= Beginning of Section =

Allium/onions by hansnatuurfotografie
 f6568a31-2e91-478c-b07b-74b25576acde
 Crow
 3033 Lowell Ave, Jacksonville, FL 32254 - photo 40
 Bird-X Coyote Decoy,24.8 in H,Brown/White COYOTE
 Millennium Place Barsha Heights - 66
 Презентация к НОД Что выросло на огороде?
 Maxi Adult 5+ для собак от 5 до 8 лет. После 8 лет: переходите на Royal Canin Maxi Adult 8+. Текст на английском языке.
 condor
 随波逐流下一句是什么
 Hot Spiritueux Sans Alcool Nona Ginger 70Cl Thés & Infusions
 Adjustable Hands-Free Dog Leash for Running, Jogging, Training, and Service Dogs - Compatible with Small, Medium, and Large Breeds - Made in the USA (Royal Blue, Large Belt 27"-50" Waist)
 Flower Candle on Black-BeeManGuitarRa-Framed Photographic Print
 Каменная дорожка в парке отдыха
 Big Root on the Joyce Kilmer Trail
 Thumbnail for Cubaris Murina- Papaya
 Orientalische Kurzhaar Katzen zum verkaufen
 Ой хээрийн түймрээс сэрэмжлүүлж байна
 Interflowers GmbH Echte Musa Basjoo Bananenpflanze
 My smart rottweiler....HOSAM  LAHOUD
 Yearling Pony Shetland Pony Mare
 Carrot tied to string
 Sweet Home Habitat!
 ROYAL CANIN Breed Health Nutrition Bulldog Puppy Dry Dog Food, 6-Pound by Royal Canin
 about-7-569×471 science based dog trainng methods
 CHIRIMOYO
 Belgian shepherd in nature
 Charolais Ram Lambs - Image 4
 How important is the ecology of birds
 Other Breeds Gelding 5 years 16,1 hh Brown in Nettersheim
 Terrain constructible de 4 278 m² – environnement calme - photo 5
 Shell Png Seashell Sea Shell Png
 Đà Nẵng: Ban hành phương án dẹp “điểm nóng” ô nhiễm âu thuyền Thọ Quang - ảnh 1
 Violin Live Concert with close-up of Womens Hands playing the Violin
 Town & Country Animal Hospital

= End of Section =

### TASK BRIEF
Only the lines from the one that contains "Thumbnail for Cubaris Murina- Papaya" to the end of the data should be output, exactly as they appear.

### RESPONSE AREA
 Thumbnail for Cubaris Murina- Papaya
 Orientalische Kurzhaar Katzen zum verkaufen
 Ой хээрийн түймрээс сэрэмжлүүлж байна
 Interflowers GmbH Echte Musa Basjoo Bananenpflanze
 My smart rottweiler....HOSAM  LAHOUD
 Yearling Pony Shetland Pony Mare
 Carrot tied to string
 Sweet Home Habitat!
 ROYAL CANIN Breed Health Nutrition Bulldog Puppy Dry Dog Food, 6-Pound by Royal Canin
 about-7-569×471 science based dog trainng methods
 CHIRIMOYO
 Belgian shepherd in nature
 Charolais Ram Lambs - Image 4
 How important is the ecology of birds
 Other Breeds Gelding 5 years 16,1 hh Brown in Nettersheim
 Terrain constructible de 4 278 m² – environnement calme - photo 5
 Shell Png Seashell Sea Shell Png
 Đà Nẵng: Ban hành phương án dẹp “điểm nóng” ô nhiễm âu thuyền Thọ Quang - ảnh 1
 Violin Live Concert with close-up of Womens Hands playing the Violin
 Town & Country Animal Hospital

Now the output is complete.